Hope everyone give it a try, especially @wendell

Good day.

BTW, just for those that are interested, here’s PyTorch w/ FA:

And vLLM running w/ some benchmarks:

I did a writeup w/ some more details/links in the Framework Community forums: PyTorch w/ Flash Attention + vLLM for Strix Halo - Framework Desktop - Framework Community

1 Like

whoa! I thought the flash attention thing was just me having no idea what I’m doing!

I spent so much time on that :frowning:

glad it wasn’t me. thanks for posting I greatly appreciate it

1 Like

Don’t want to derail the thread, but maybe there’s a short answer

I’m wondering what kind of setup you have in mind for something like this? I have a 5995wx that I can fully dedicate to AI inference or repurpose it and buy something new/used. My goal is to run qwen3-coder-480 MoE with a big context and get 10-20 tok/s when the performance is fully degraded.

This is super interesting, I thought llama.cpp was better for CPU/GPU inferencing but looking more into k-transformers it seems llama.cpp could still be better for dense models but this other one for MoE which is what I use the most nowadays. Do you know if there are optimize rules for some of the newer MoE models out there? I was only able to find it for Mixtral-8x22b and qwen2-57b-a14b

I’m not sure what exactly you’re asking.

Just follow the K-Transformers tutorial, it’s literally a detailed doc that covers exactly what you’ve outlined?

I’ll check that out thanks!, I didn’t look for deepseekR1, I guess I thought it was too big to even try. I did look for qwen3 235b and llama4 and couldn’t find anything.

I don’t benchmark, but on my GMKtec Evo-X2 minicomputer with AMD Ryzen AI Max+ 395 and 128 GB RAM, I run Ubuntu 25.10, and use LM Studio for LLM stuff, with the AMD Vulkan and ROCm versions of the app/drivers or whatever installed from LLM. Tonight I tried the new NVIDIA Nemotron-3-Nano.GGUF, and it ran the following prompt at 45 token/sec, with 0.29 secs to first output, and a ton of equations in the output. Very impressive, to me at least!

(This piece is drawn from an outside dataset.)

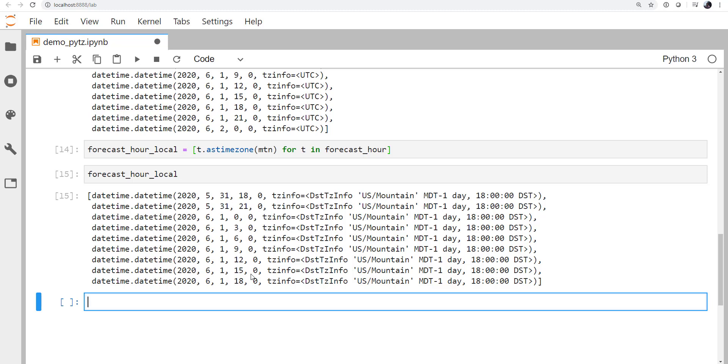Again, this is a really helpful utility and you shouldn't have to keep track of these things yourself. That's just more places to introduce errors in your code. So let libraries like DateTime and PyTZ, which are extensively tested, help reduce the code that you have to write and make sure that your results are correct. I hope that you found this useful and I'll see you on next week's MetPy Monday.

“how difficult should it be to make a time travel machine? Examine the feasibility of time travel using a small blackhole, same golfball sized, who’s output is perpendicular to all 3 spatial planes, and 180 degrees back and 180 degrees forward in the time plane. Stipulate that we capture this primordial black hole in a lab powered by antimatter fusion reactors. Further stipulate the PBH is a Planck-scale remnant that is composed of exotic matter which is why it didn’t break down, which is why we caught it. The PBH would be made of negative energy from the early universe, when the laws of physics were temporarily inverted, of which it is thought that is why the JWST sees red-shifted globular clusters as extremely long bodies that don’t follow normal physics.”